▸ EXERCISE BRIEF: A full, exact copy of the listing is needed, with images omitted.

▸ DATA PROVIDED:
________________________________________

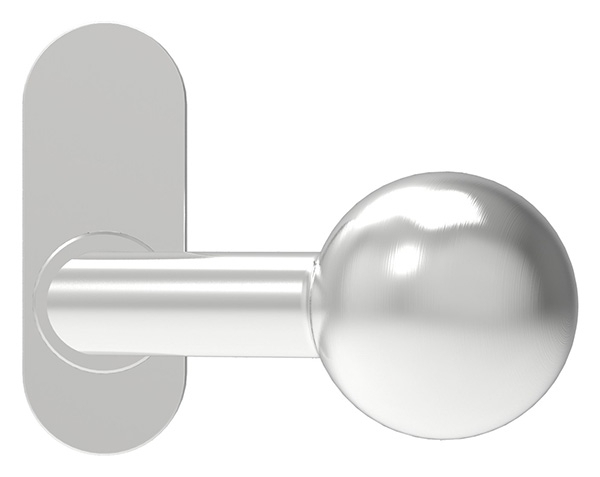 Türdrücker gekröpft mit Kugel Ø 50 mm drehbar V2A
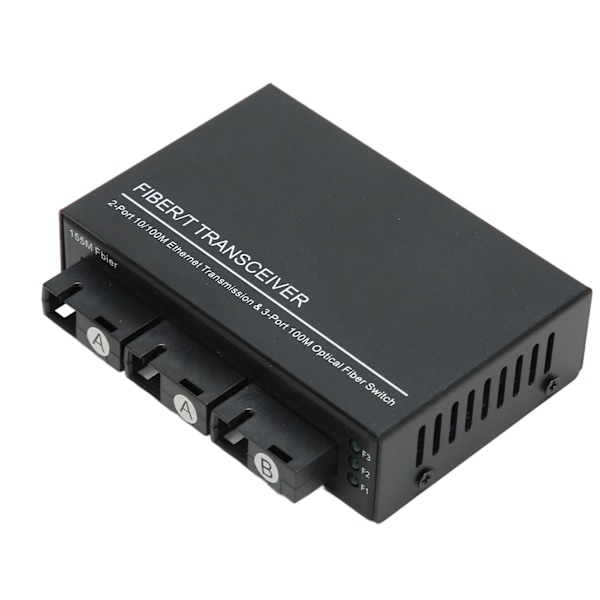 Ethernet Fiber Media Converter Single Mode Tx1310nm 10/100 Mbps RJ45 Port Media Converter 100‑240V EU-plugg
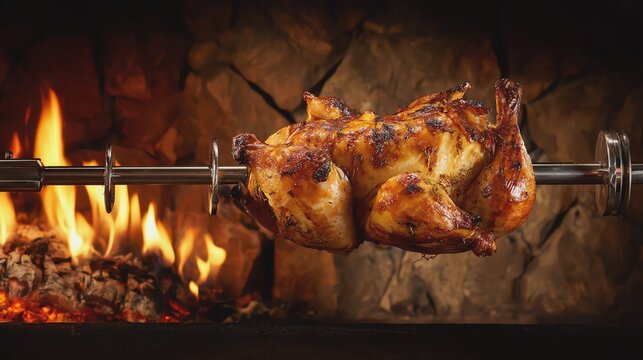 Delicious roasted chicken on spit over fire.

________________________________________

▸ OUTPUT OF THE EXERCISE:
 Türdrücker gekröpft mit Kugel Ø 50 mm drehbar V2A
 Ethernet Fiber Media Converter Single Mode Tx1310nm 10/100 Mbps RJ45 Port Media Converter 100‑240V EU-plugg
 Delicious roasted chicken on spit over fire.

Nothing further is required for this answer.